Raptors, from Alaska to Guam
Approximately 130 Airmen and five F-22 Raptors from Elmendorf Air Force Base, Alaska, are deployed to Guam for two weeks to fulfill security requirements in the Asia Pacific region.
During the deployment, the Airmen will participate in exercises Jungle Shield and Cope Thaw.
Exercise Jungle Shield enhances the 13th Air Force`s air defense mission in Guam and ensures the ability to fulfill Operation Noble Eagle responsibilities. F-22 pilots will also take part in Cope Thaw, providing them an opportunity to conduct routine training in an environment different from their home station.
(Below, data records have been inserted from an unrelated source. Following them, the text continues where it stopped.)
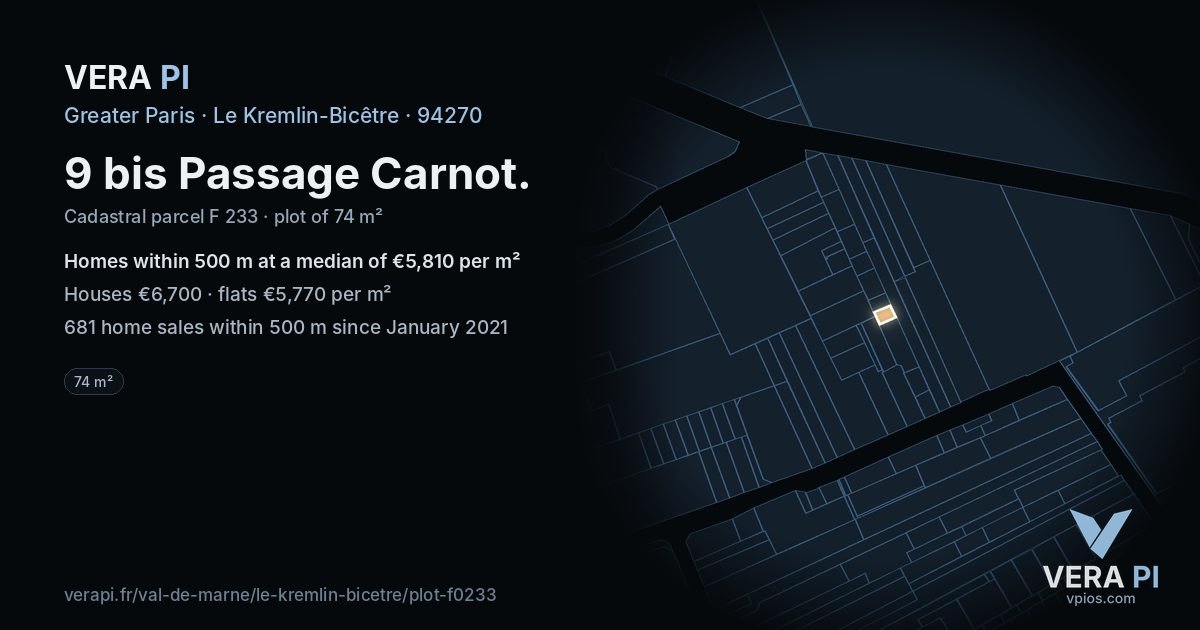 9 bis Passage Carnot, Le Kremlin-Bicêtre at night – the plot lit, the parcels around coloured by the prices near them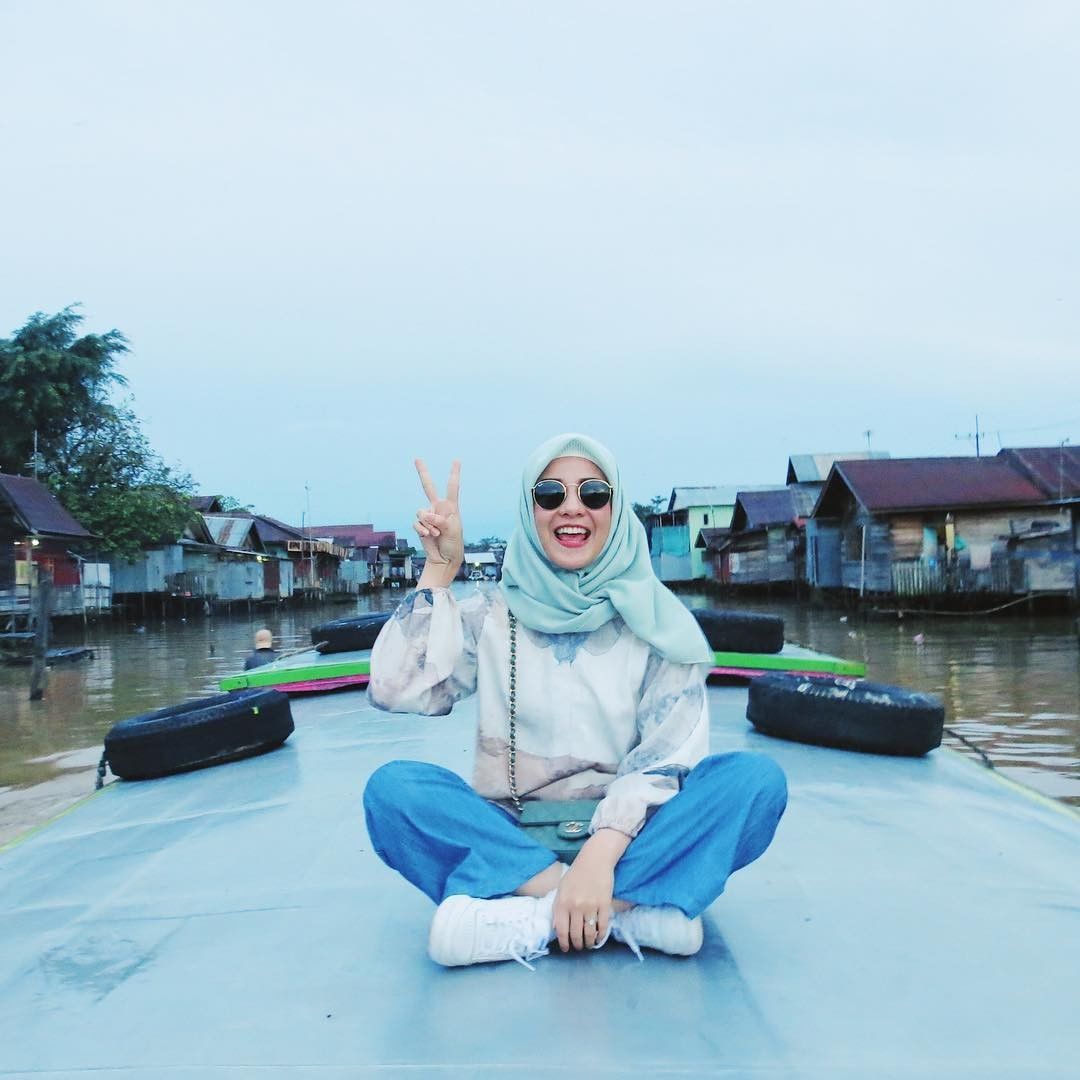 Untuk Para Hijab Traveller Coba Tiru 10 Gaya Hijab Natasha Rizky Ini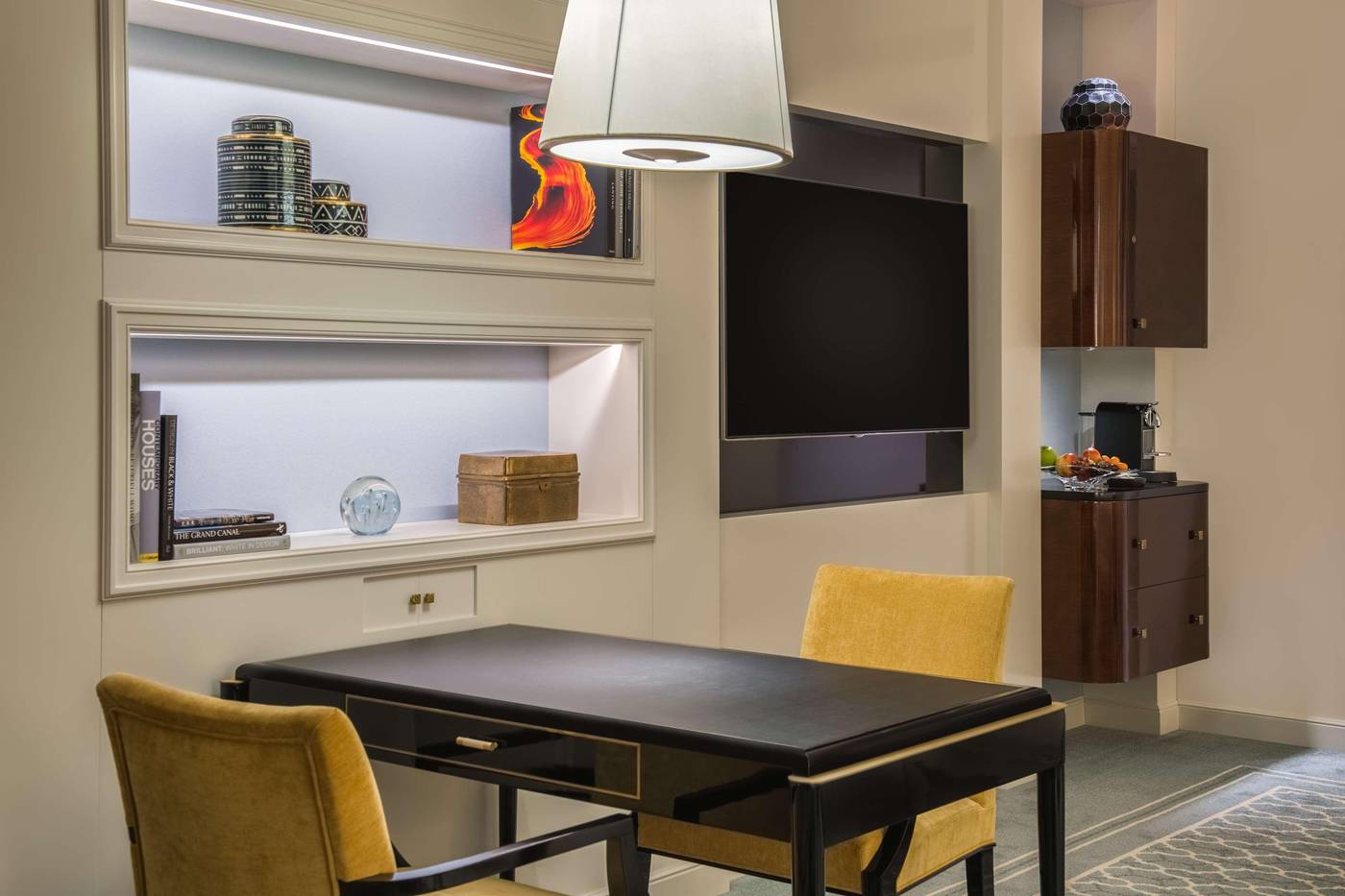 Waldorf-Astoria-Beverly-Hills--CA-Room-46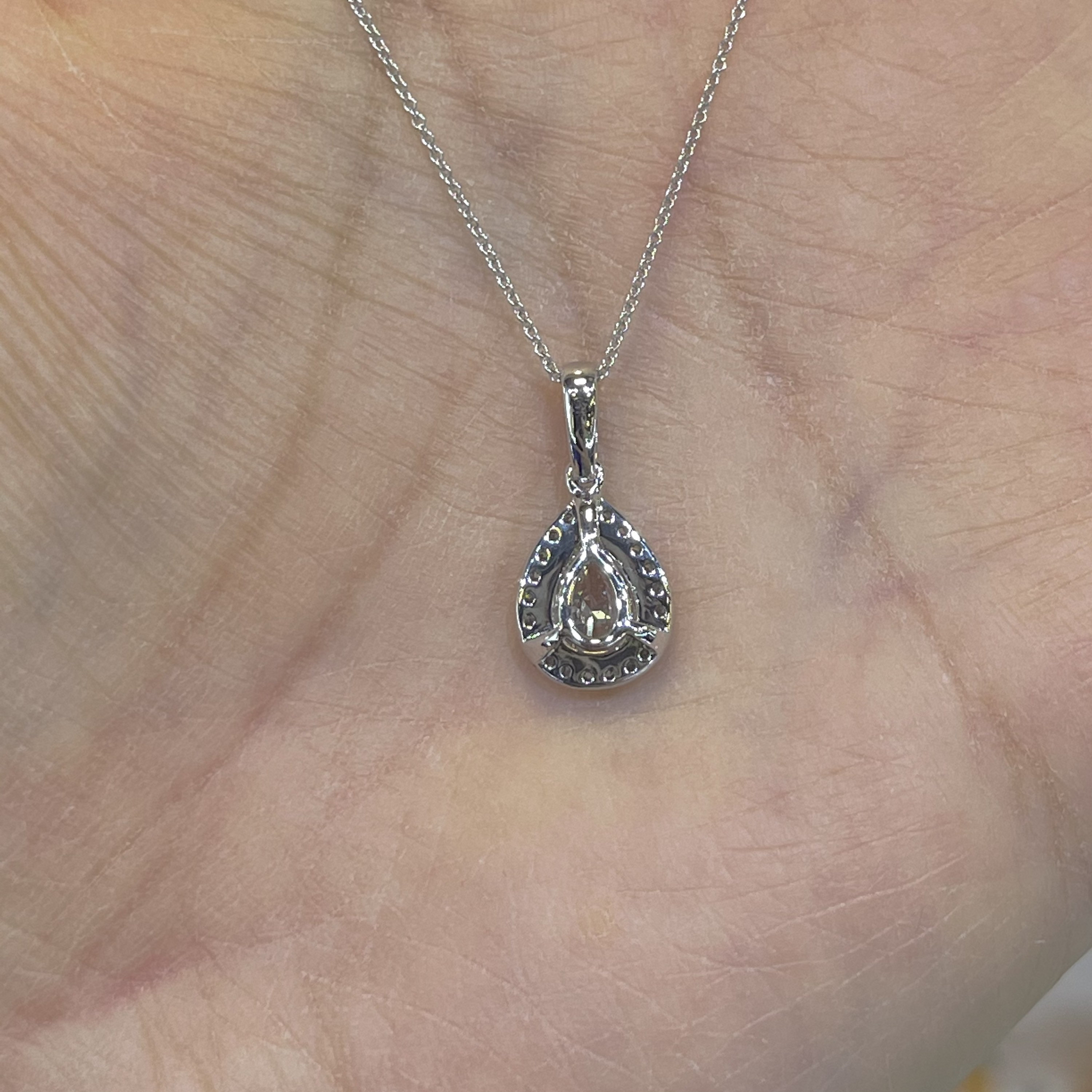 Pear diamond necklace Clearance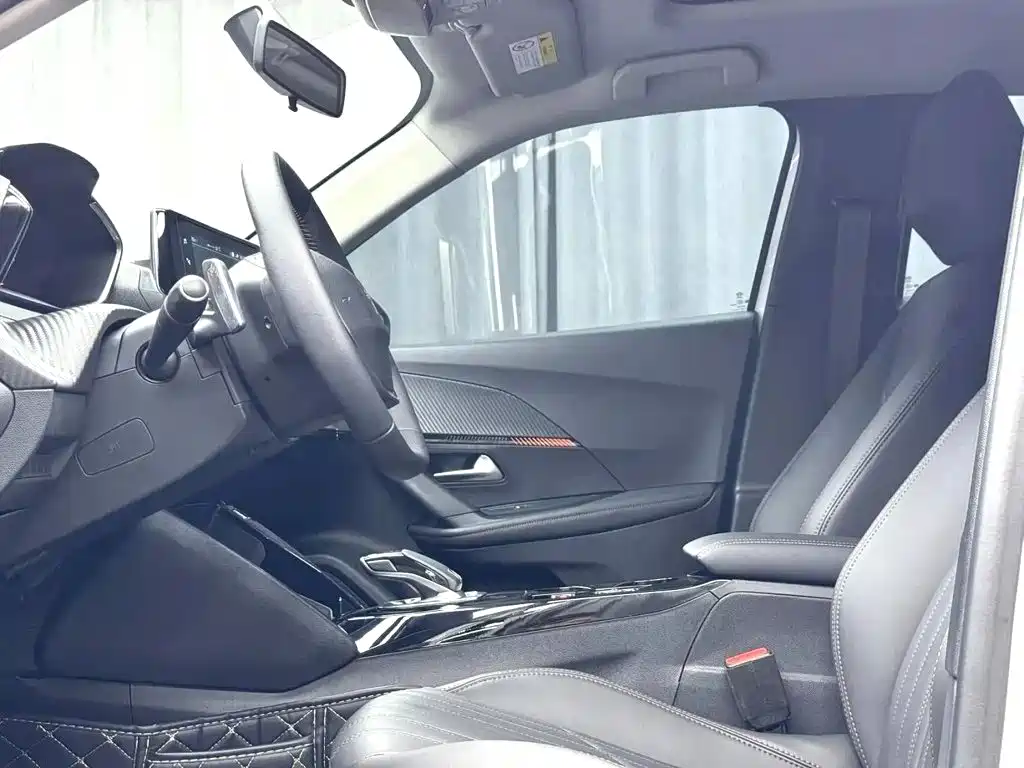Peugeot 2008 — миниатюра 4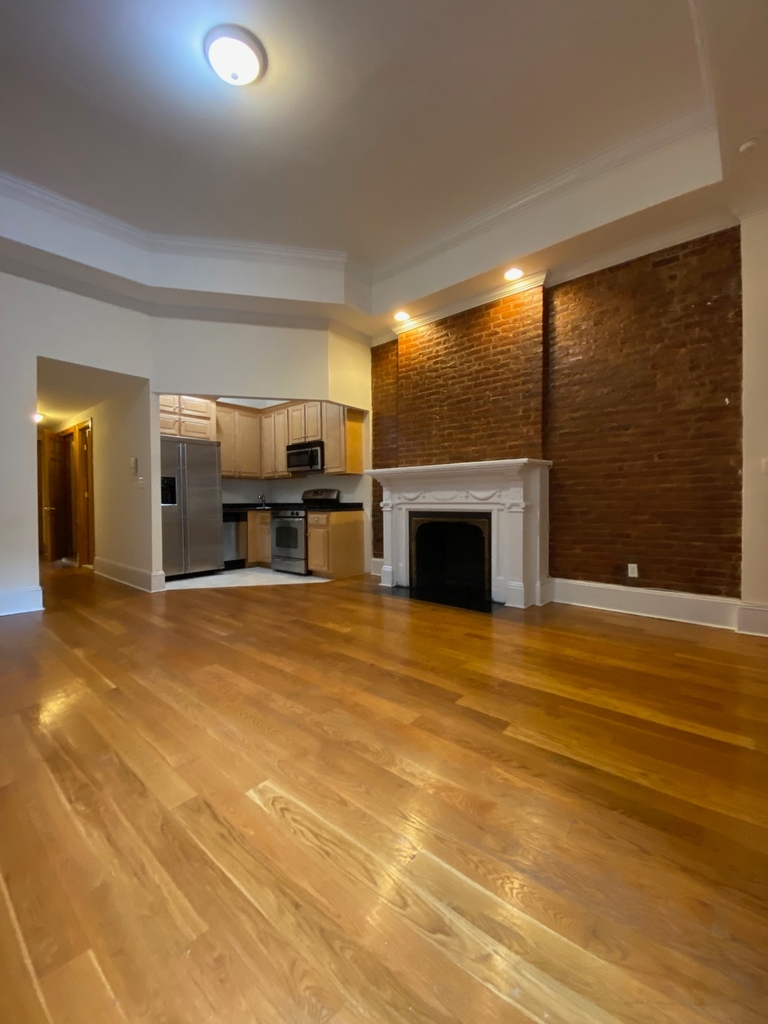 314 West 104th Street - Photo 12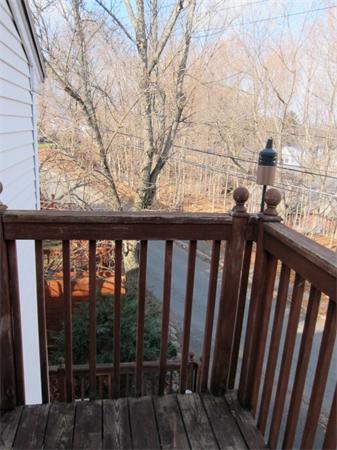 131 College Farm Road Waltham, MA 02451 - Photo 6 of 16 Gallery Image 6
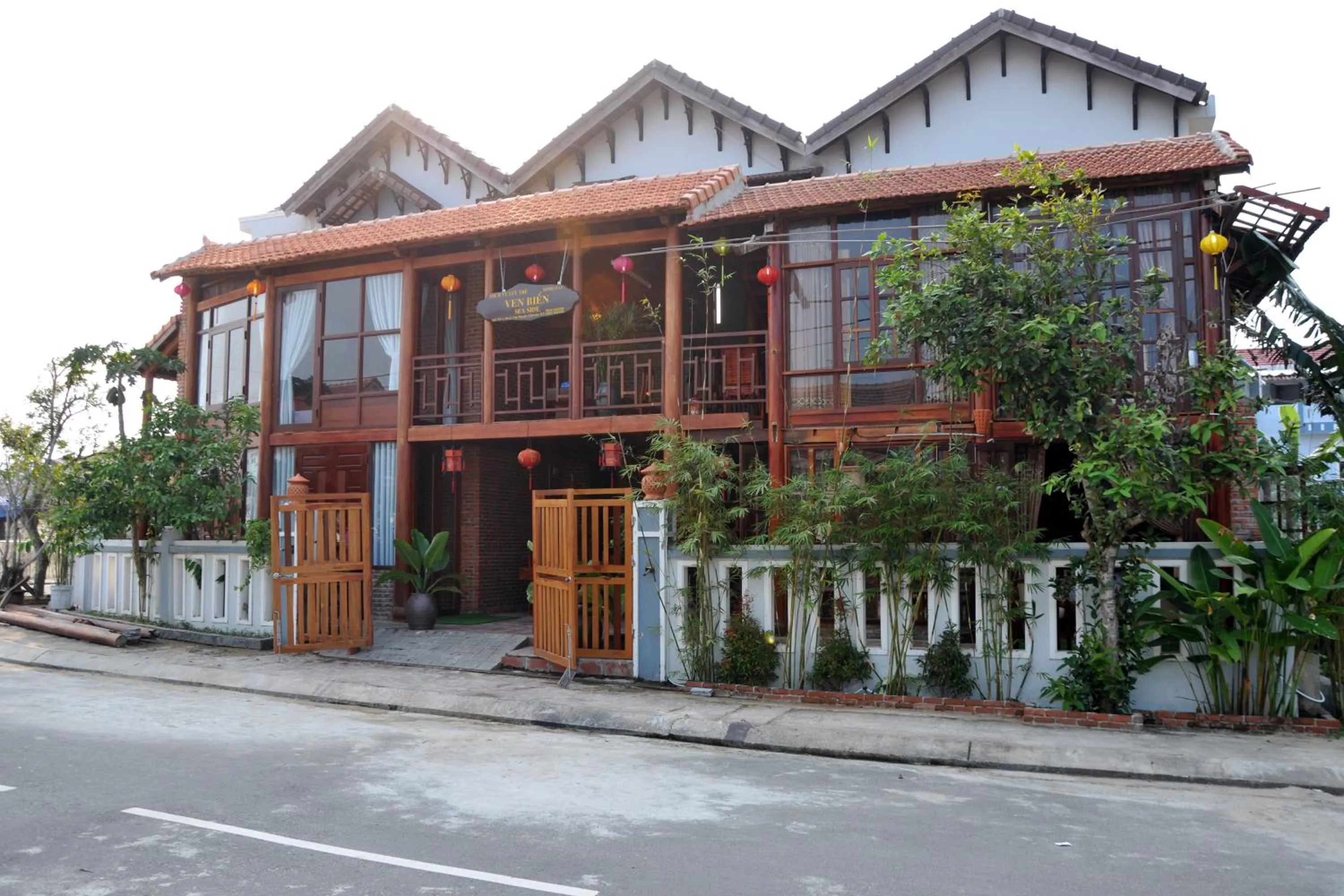 Facade/entrance in Seaside An Bang Homestay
F-22 pilots will fly three primary missions here: defensive counterair, offensive counterair escort, and offensive counterair suppression of enemy air defenses, said Capt. William Creeden, the 90th Fighter Squadron project officer from Elmendorf AFB.
He said the defensive-counterair missions showcase the F-22`s aerial combat capabilities, using the aircraft to defend a geographic point, area, or high-value airborne asset against any air threat. When conducting offensive-counterair-escort missions, F-22s fly in front of a strike package and clear the airspace of any air threats, allowing a strike package an unimpeded attack on selected targets of interest.
While flying offensive counterair suppression of enemy air defenses missions, the F-22s become a strike platform, targeting advanced surface-to-air missile threats by using the fighter`s key advantages of stealth, super cruise and advanced integrated avionics.